What is needed is an exact copy of the records below, with the pictures left out.

[Scraped caption text data]

=== Section Start ===

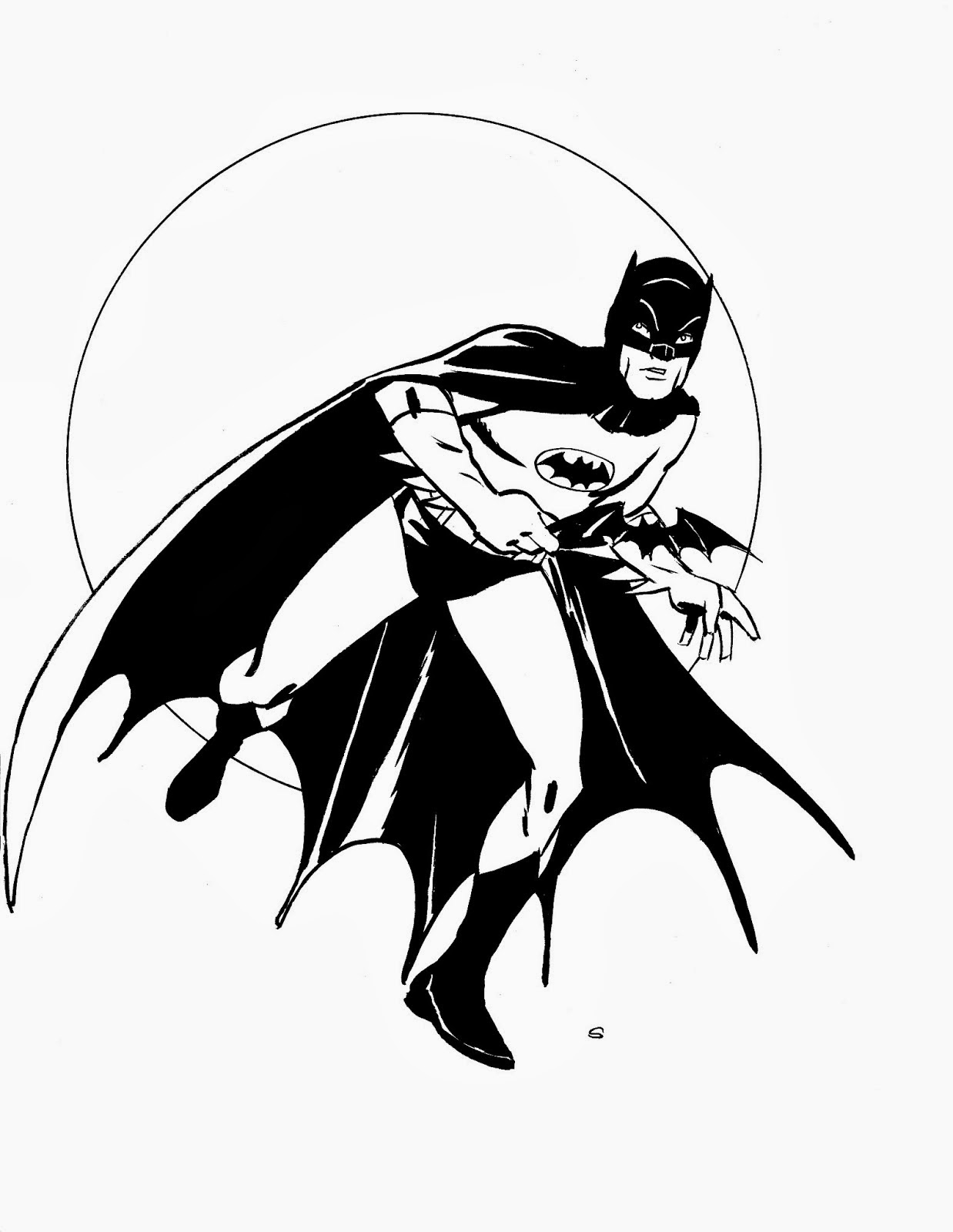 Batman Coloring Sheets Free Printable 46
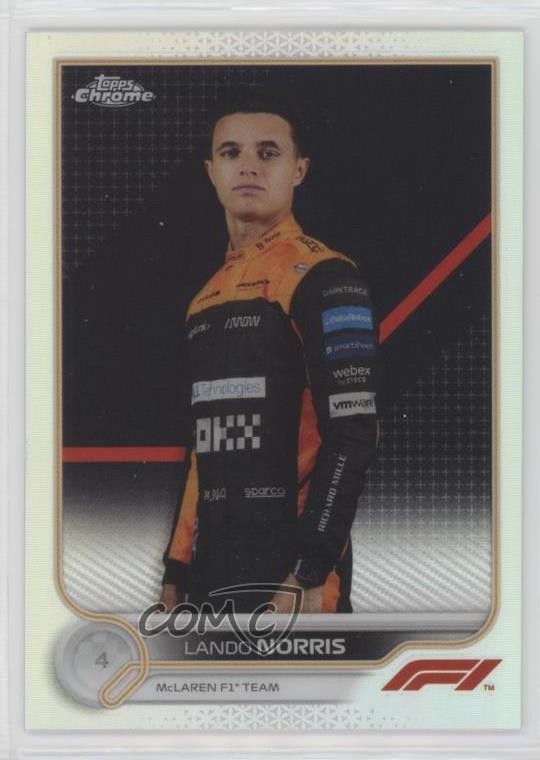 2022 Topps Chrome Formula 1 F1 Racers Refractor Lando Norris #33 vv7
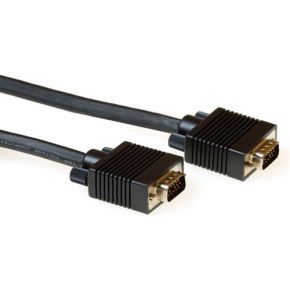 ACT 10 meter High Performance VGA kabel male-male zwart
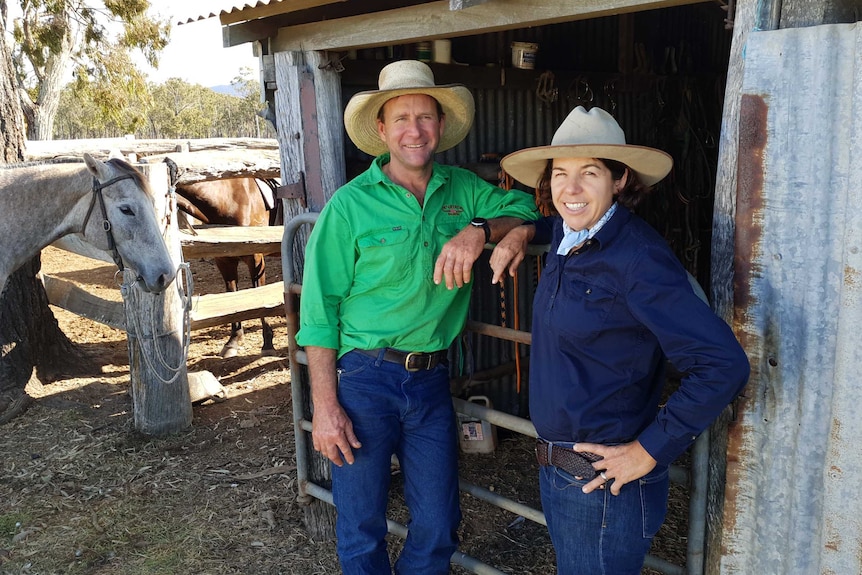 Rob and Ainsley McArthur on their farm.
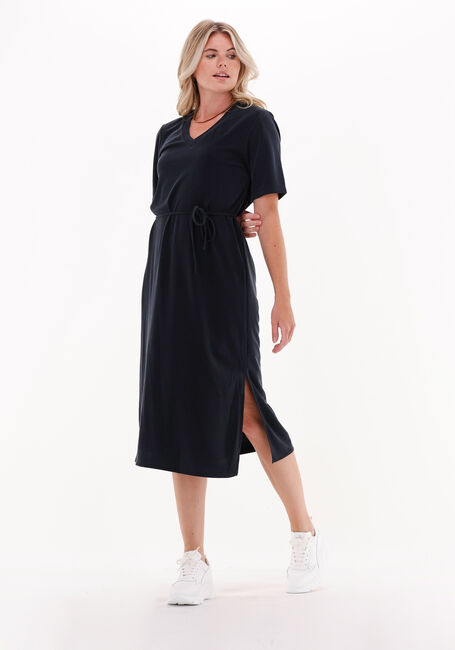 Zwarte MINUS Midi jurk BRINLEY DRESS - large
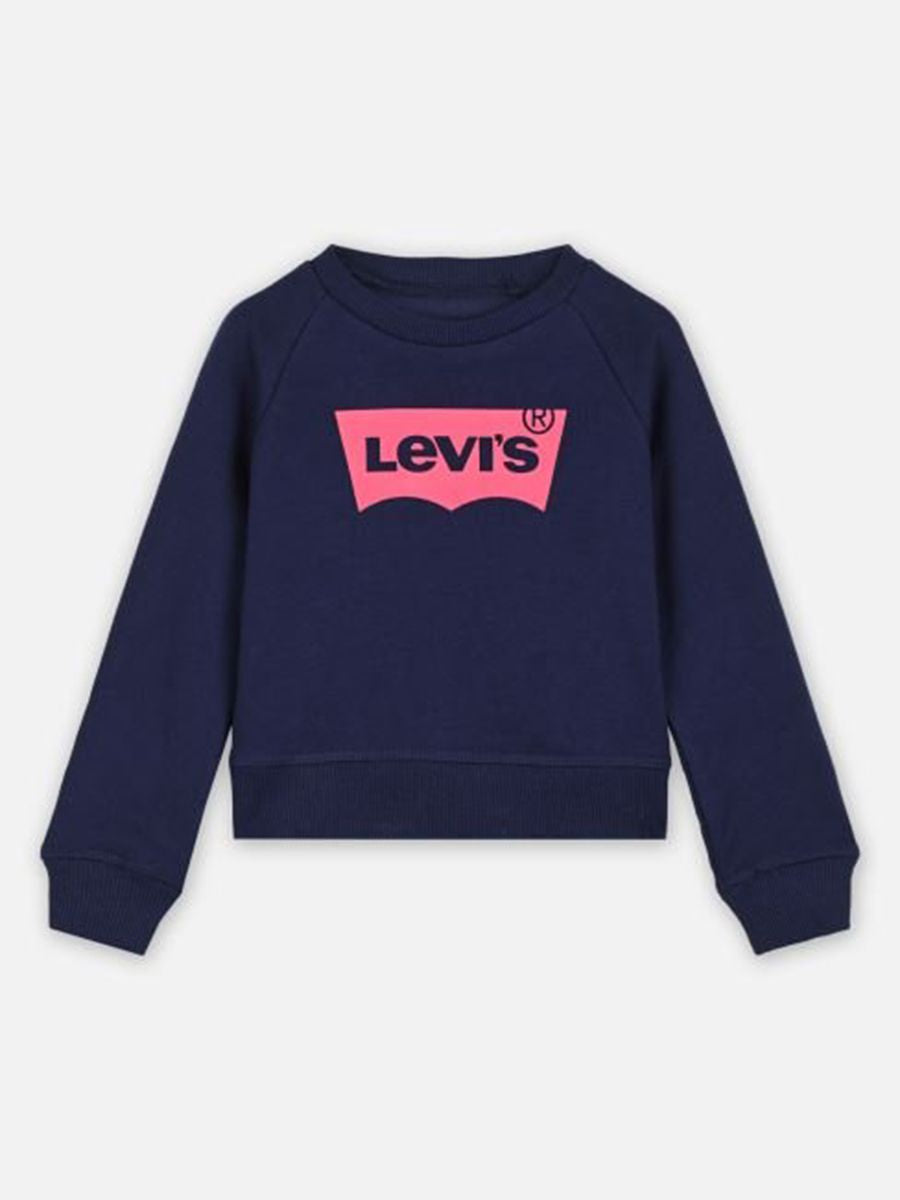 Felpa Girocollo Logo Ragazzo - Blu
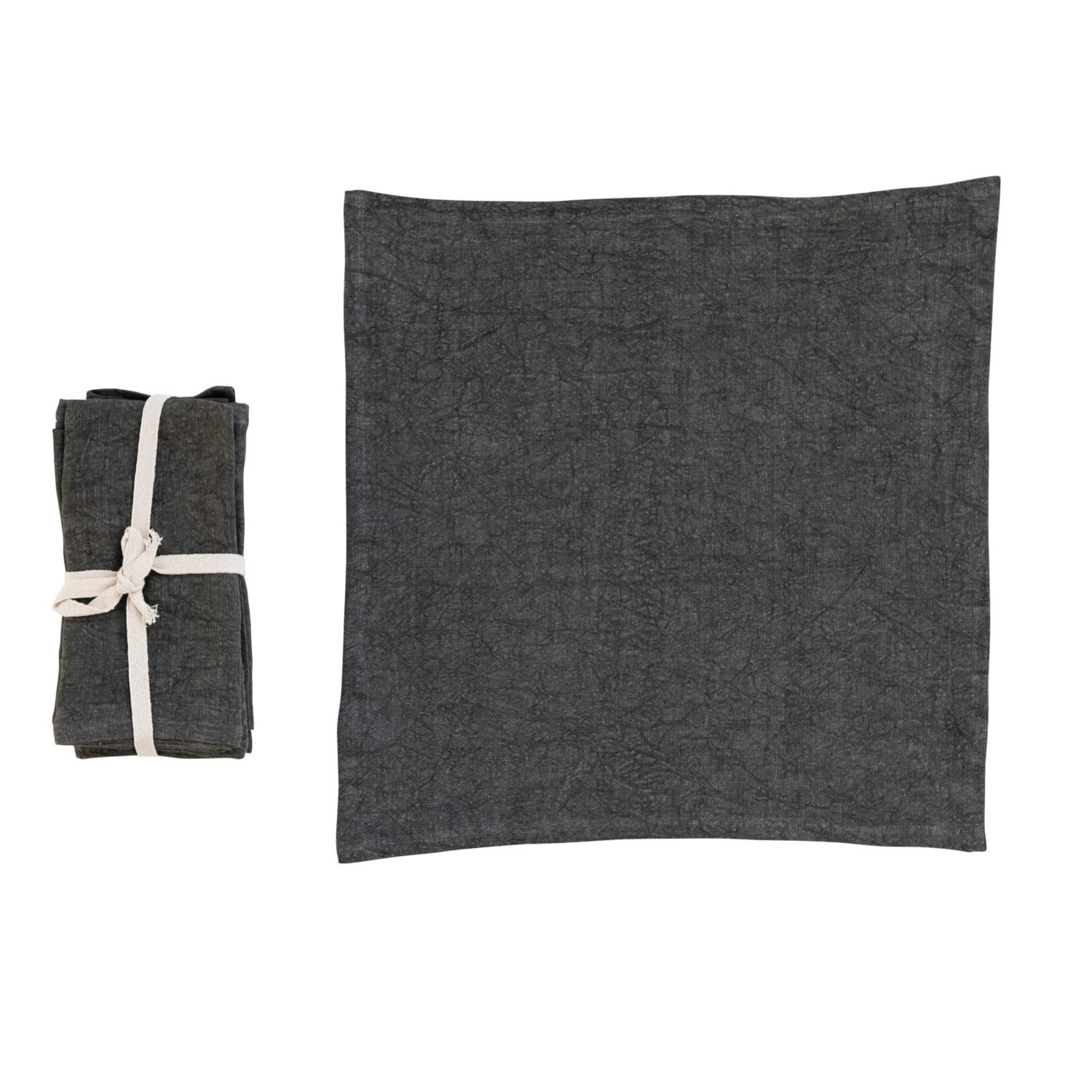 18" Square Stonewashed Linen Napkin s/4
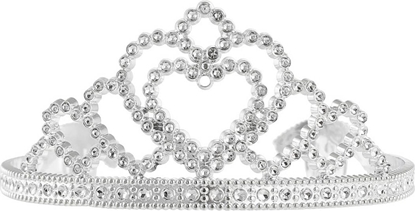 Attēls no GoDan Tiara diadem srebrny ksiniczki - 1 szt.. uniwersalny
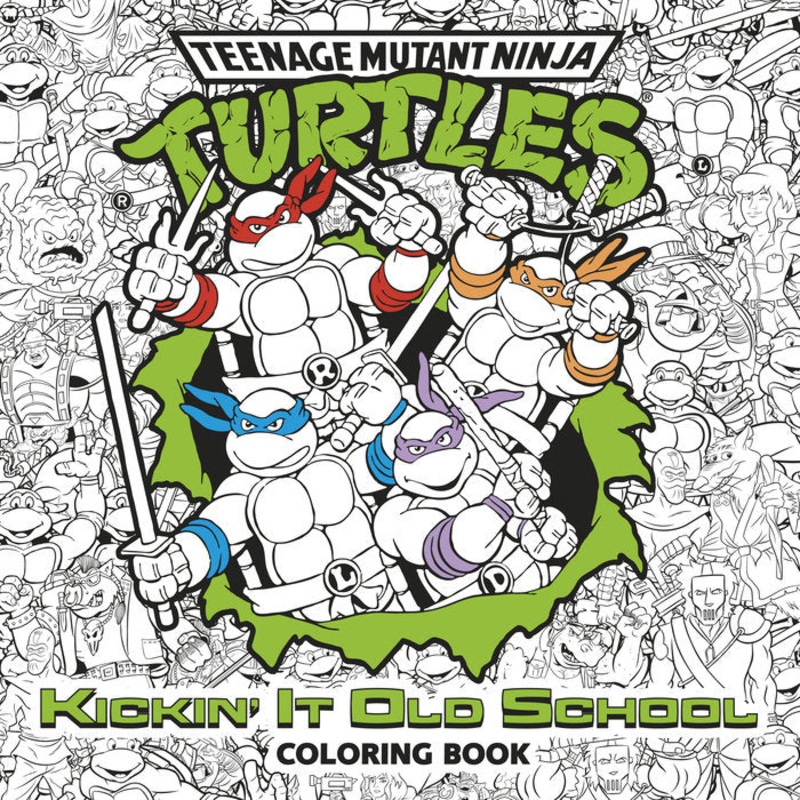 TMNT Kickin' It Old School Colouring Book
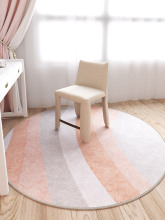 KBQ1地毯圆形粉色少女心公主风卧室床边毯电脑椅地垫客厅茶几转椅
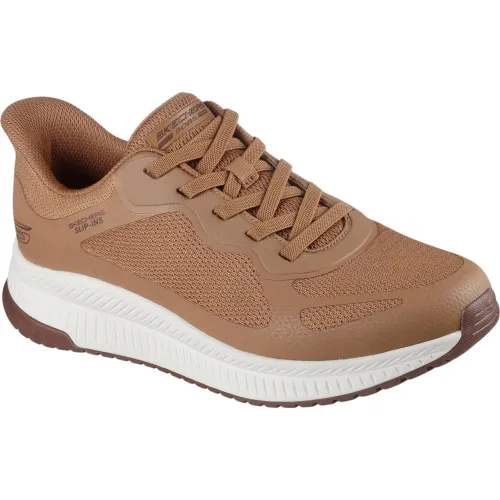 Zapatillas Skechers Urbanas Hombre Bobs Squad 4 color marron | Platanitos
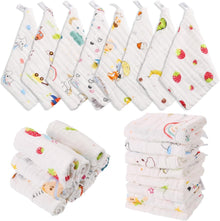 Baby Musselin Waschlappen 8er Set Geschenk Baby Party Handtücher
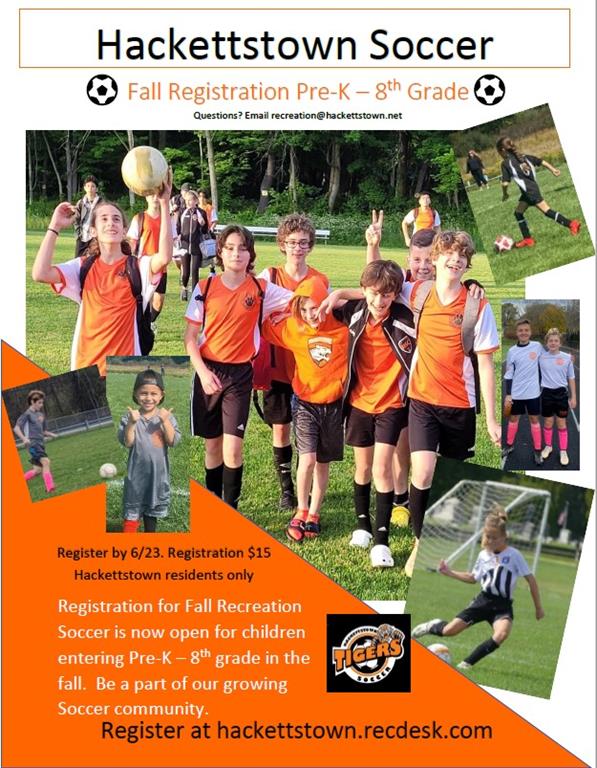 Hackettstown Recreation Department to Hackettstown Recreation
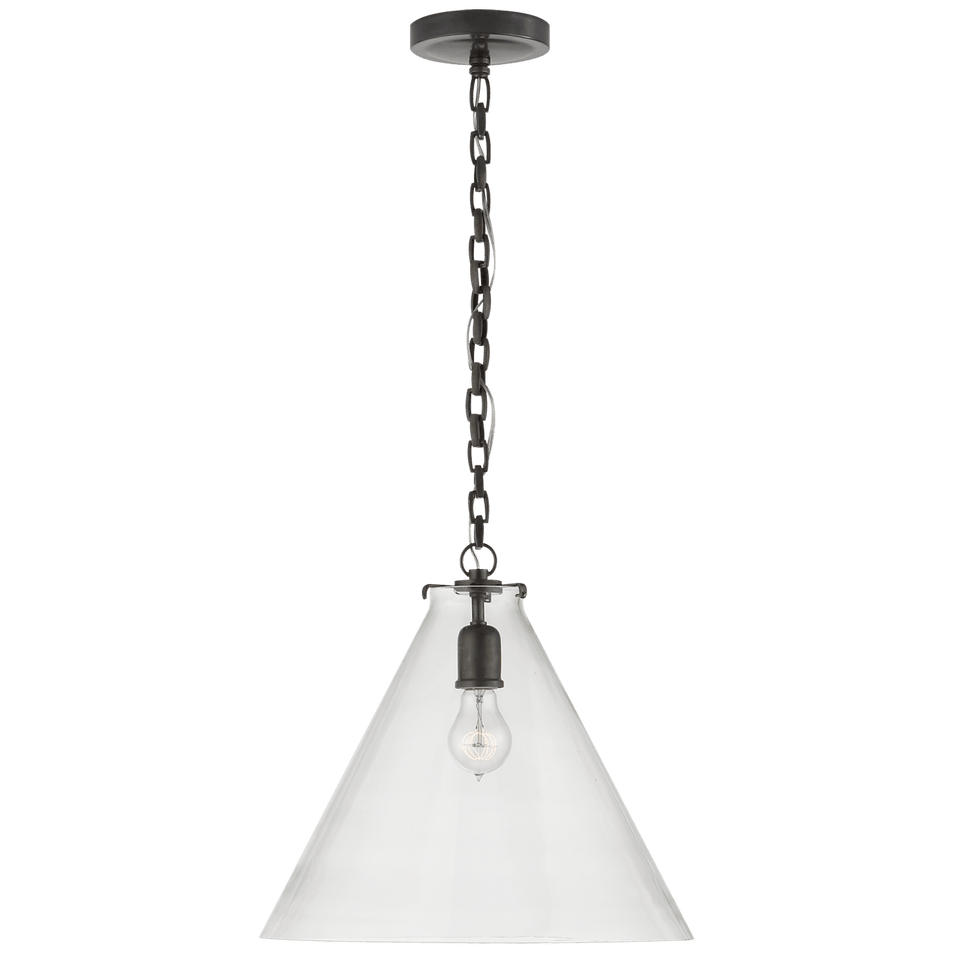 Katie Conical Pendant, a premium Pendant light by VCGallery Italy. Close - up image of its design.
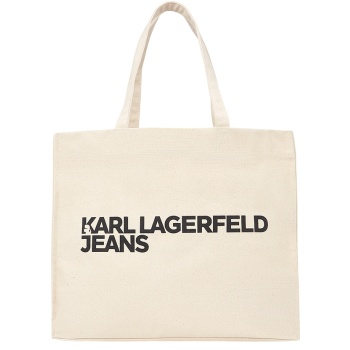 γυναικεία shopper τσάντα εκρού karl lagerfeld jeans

=== Section End ===

* Response for this exercise
 Batman Coloring Sheets Free Printable 46
 2022 Topps Chrome Formula 1 F1 Racers Refractor Lando Norris #33 vv7
 ACT 10 meter High Performance VGA kabel male-male zwart
 Rob and Ainsley McArthur on their farm.
 Zwarte MINUS Midi jurk BRINLEY DRESS - large
 Felpa Girocollo Logo Ragazzo - Blu
 18" Square Stonewashed Linen Napkin s/4
 Attēls no GoDan Tiara diadem srebrny ksiniczki - 1 szt.. uniwersalny
 TMNT Kickin' It Old School Colouring Book
 KBQ1地毯圆形粉色少女心公主风卧室床边毯电脑椅地垫客厅茶几转椅
 Zapatillas Skechers Urbanas Hombre Bobs Squad 4 color marron | Platanitos
 Baby Musselin Waschlappen 8er Set Geschenk Baby Party Handtücher
 Hackettstown Recreation Department to Hackettstown Recreation
 Katie Conical Pendant, a premium Pendant light by VCGallery Italy. Close - up image of its design.
 γυναικεία shopper τσάντα εκρού karl lagerfeld jeans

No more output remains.